Los preparativos inician con la construcción de una enramada frente a la casa de los mayordomos. Es una estructura construida a base de grandes troncos de árboles de más de 5 metros de altura, techada con palma de coco.

Mientras un grupo de más de 15 hombres construye la enramada, a la vista de todos los Masatepinos, muchas personas entran a la casa de los mayordomos, donde se expone una replica en miniatura del Señor de Trinidad, para entregar sus ofrendas a la venerada imagen.

“La responsabilidad de los mayordomos es administrar los bienes que la comunidad católica aporta para que después compartamos todos la fiesta del Señor y las comidas”, explica Ramírez.

Comenta también que la festividad del Señor de Trinidad dura todo el año, porque todos los domingos se enflora la imagen, se reza el santo rosario y los mayordomos reparten un brindis entre los asistentes.

“Después a los 6 meses, en diciembre hay una fiesta en chiquito. Por un día el señor viene a la casa y de nuevo toda la gente ofrenda y hacemos masa de casuela”, comenta.

Según Ramírez, en el pueblo toda la gente ofrenda algo. “Los meseros del pueblo vienen a servir gratis, las cocineras cocinan gratis, los señores de la enramada ofrecen su trabajo y su arte de hacer esa enramada tan complicada; hay gente que cría un chancho y lo vienen a dejar entones nosotros nos encargamos que los maten los destacen y que todo eso se convierta en comida”.

La celebración del Señor de Trinidad se convierte en una fiesta comunitaria, explica Ramírez y asegura que “el Cristo milagroso, todo el pueblo masatepino lo venera y le encomienda todas sus necesidades, su salud, sus hijos, todos lo conocimos de la mano de nuestros padres y abuelos, ese es el Papachú que conocí de niña”.
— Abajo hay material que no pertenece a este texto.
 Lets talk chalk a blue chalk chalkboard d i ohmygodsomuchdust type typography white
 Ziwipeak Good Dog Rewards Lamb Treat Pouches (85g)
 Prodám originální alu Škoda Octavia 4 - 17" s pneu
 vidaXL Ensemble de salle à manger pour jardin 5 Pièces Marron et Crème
Señor de Trinidad es muy milagroso


Cuando entran a la casa de los mayordomos, en cuya sala se expone una replica de la imagen del Señor de Trinidad, los devotos son recibidos por los meseros quienes les ofrecen una tradicional chicha bien helada.
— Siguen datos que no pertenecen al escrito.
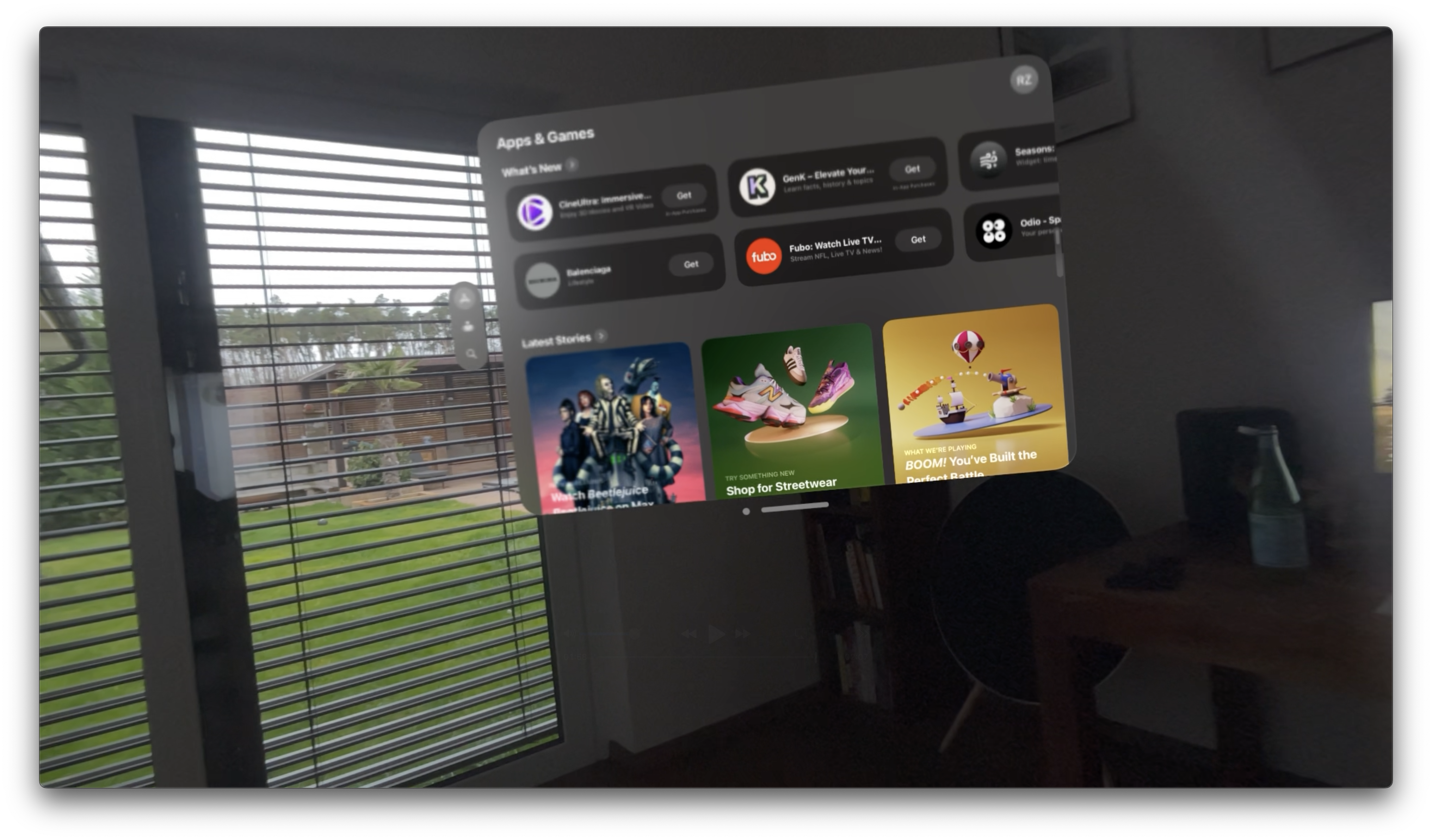 apps and games selection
Muchos de los fieles llevan ofrenda para el Señor de Trinidad. Una de las devotas que omitió dar su nombre, comentó que llevó un quintal de azúcar para apoyar la celebración.

“Yo traigo un quintal de azúcar” comentó y explicó que el santo es “milagroso y el es muy lindo, el es milagroso y lo que usted le pida, si le pide con fe el Señor se lo concede”.

Mercedes Gavilán, otra devota procedente de la comunidad La Sabanita, dice que ella desde niña siempre ha participado en la celebración del Señor de Trinidad. Entre los milagros que le atribuye al santo está el favor de derramar las lluvias para que las cosechas de frijoles, maíz y otros cultivos no se pierdan por la sequía.

Doña Mercedes comentó que este año le traerá como ofrenda aguacates cosechados en su finca.

Por su parte Juan Sócrates Sánchez, tiene 93 años y desde hace 30 es el constructor principal de la enramada del Santo.

Junto a su equipo de trabajo, don Sócrates tiene que alistar la enramada que marca el inicio de las fiestas del Señor de Trinidad.

“Yo llevo de trabajar 30 años, yo esto lo hago por una devoción, porque solo el nos puede salvar de ahí nadie mas. El nos da la fuerza para construirle esta hermosa enramada”, aseguró don Juan.